What you need to do
With the pictures removed, reproduce exactly the lines from the one that contains "Police find dog" through the last line of the entries below.

Records for the exercise

□ □ □

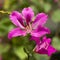 Pink Bauhinia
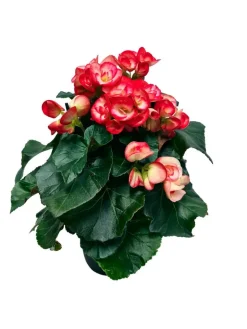 Ruusubegonia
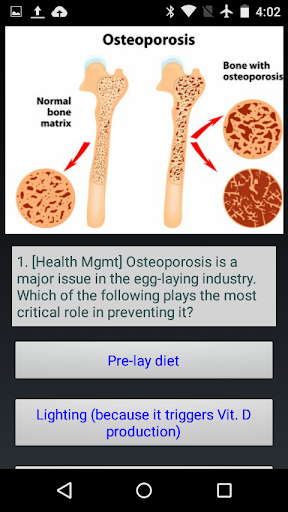 DVM 1st Yr Quiz - Health Mgmt. Screen 3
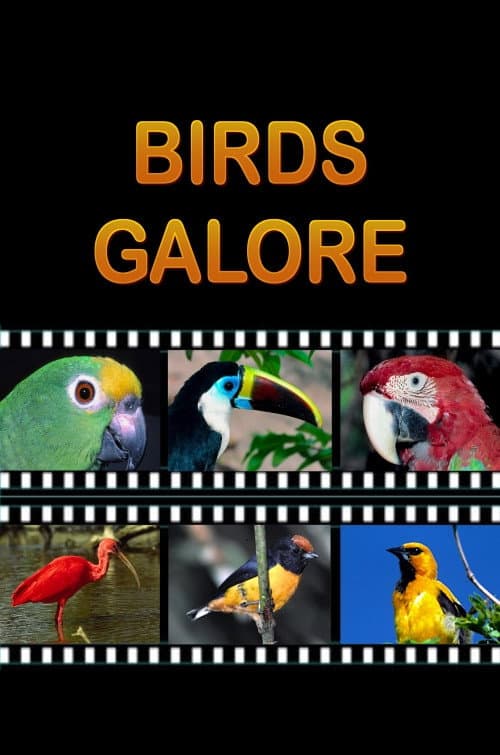 Birds Galore poster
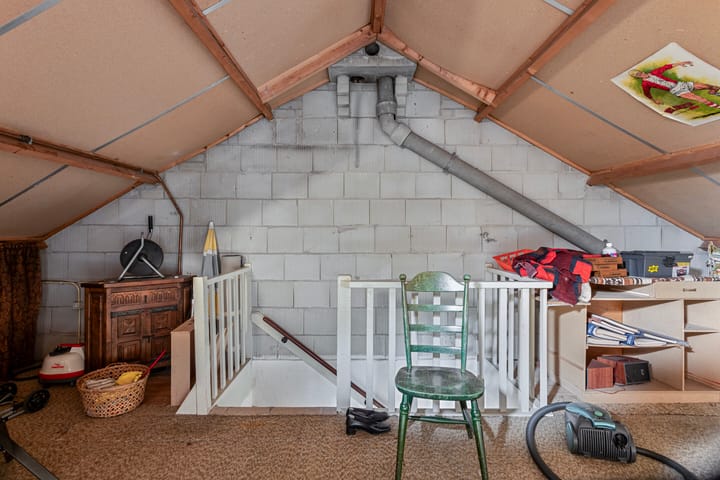 Foto 29 van Bolkruid 98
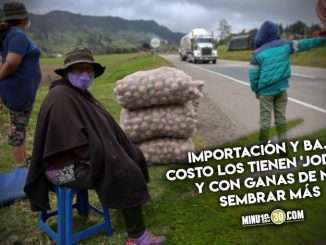 El drama de los cultivadores de papa en Colombia, que venden los bultos a 'lo que les ofrezcan' 1 El drama de los cultivadores de papa en Colombia que venden los bultos a lo que les ofrezcan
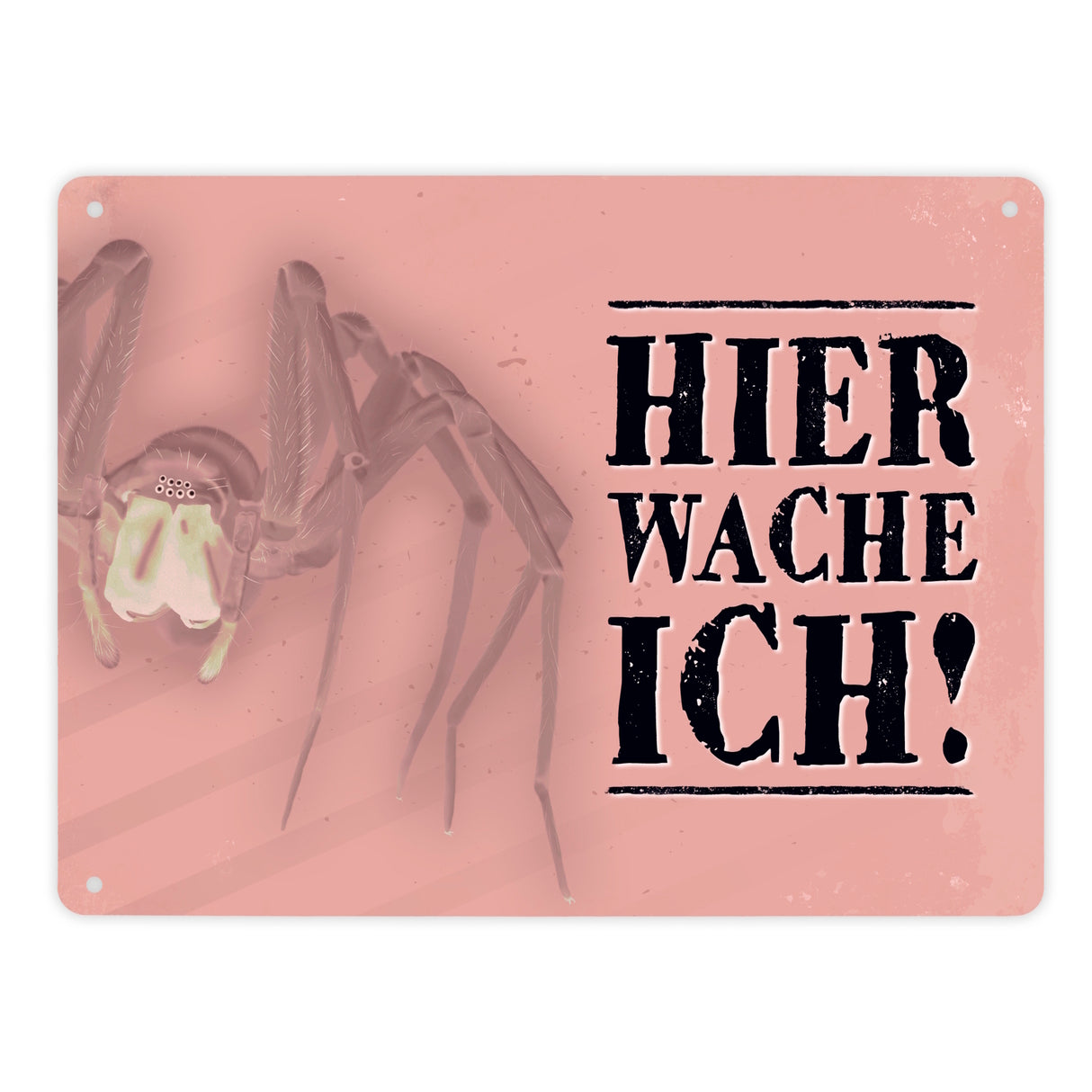 Metallschild mit Spinne Motiv und Spruch: Hier wache ich!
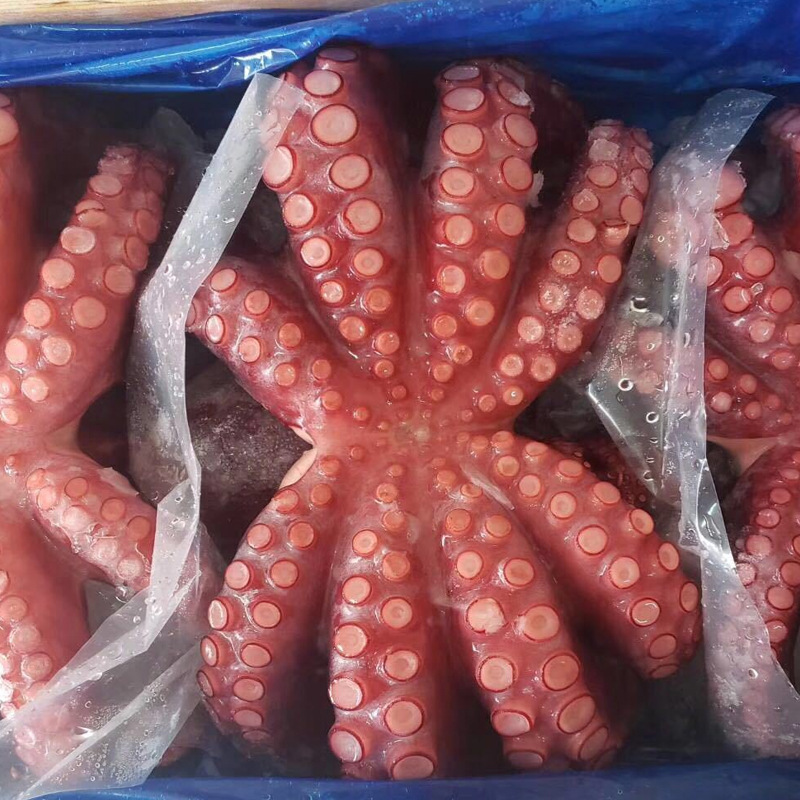 八爪魚2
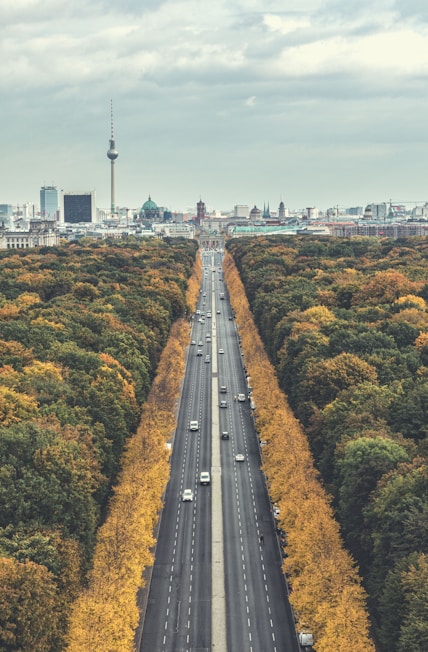 cars on road between trees during daytime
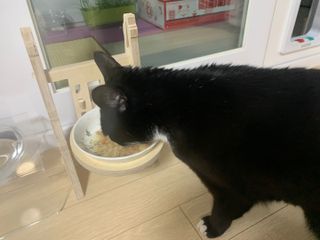 manu님이 올린 리뷰 사진 3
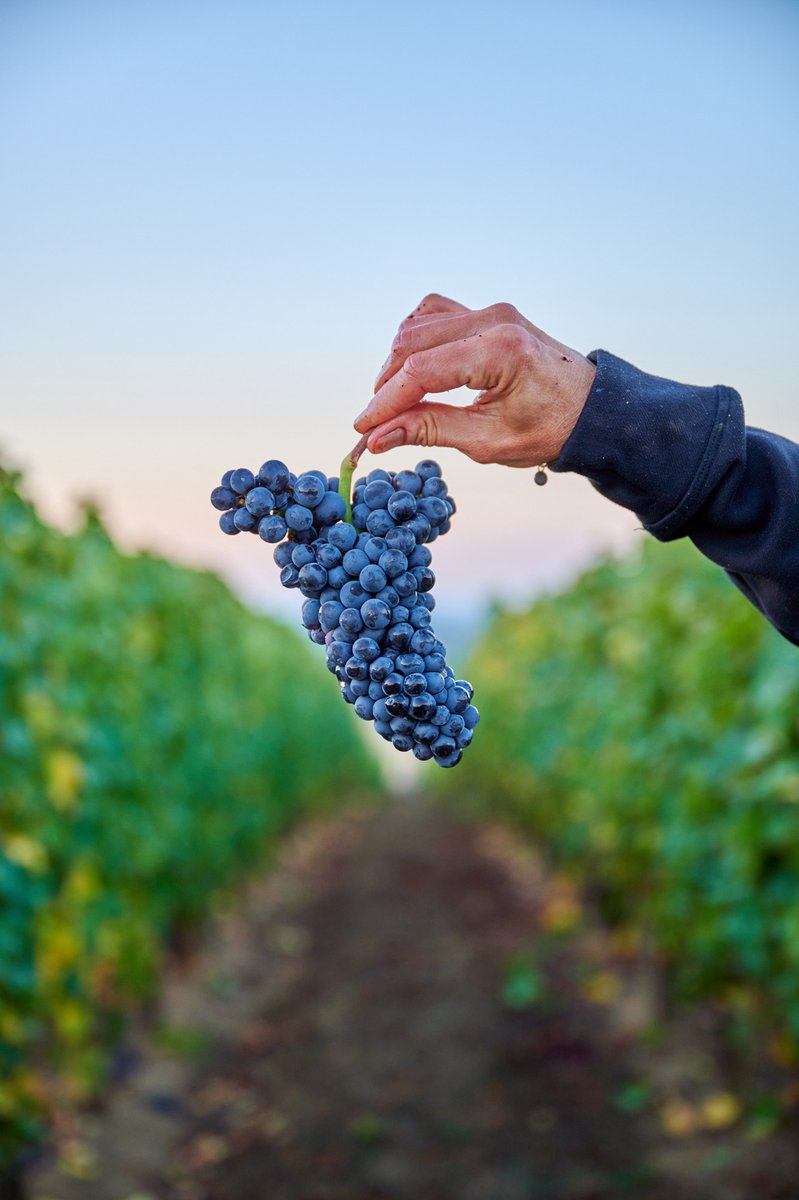 oregonwineboard's tweet photo. Today may be National #PinotNoirDay, but here in #Oregon we celebrate Pinot all year round! From the Willamette Valley to Southern Oregon and beyond, Oregon is home to world-renowned winemakers producing exceptional Pinot noir. Your next favorite bottle awaits! #oregonwine https://t.co/JnBR4DDZVT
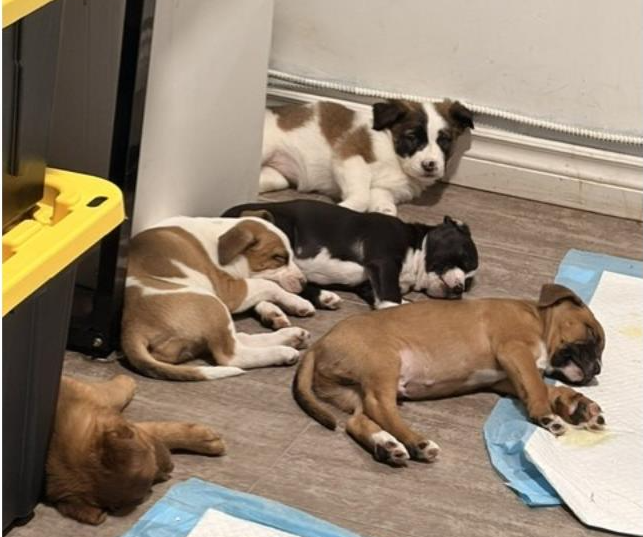 Police find dog breeding operation during drug lab raid in Hamilton, Ont.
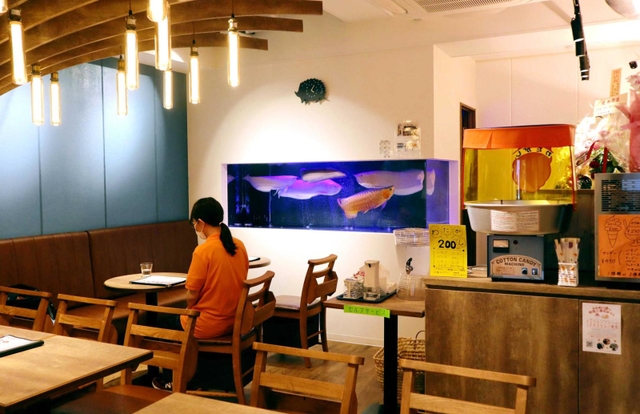食事もできる１階のカフェスペース。大きなアロワナがゆったり泳ぐ水槽も＝神戸市東灘区甲南町３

□ □ □

Output for this task
 Police find dog breeding operation during drug lab raid in Hamilton, Ont.
食事もできる１階のカフェスペース。大きなアロワナがゆったり泳ぐ水槽も＝神戸市東灘区甲南町３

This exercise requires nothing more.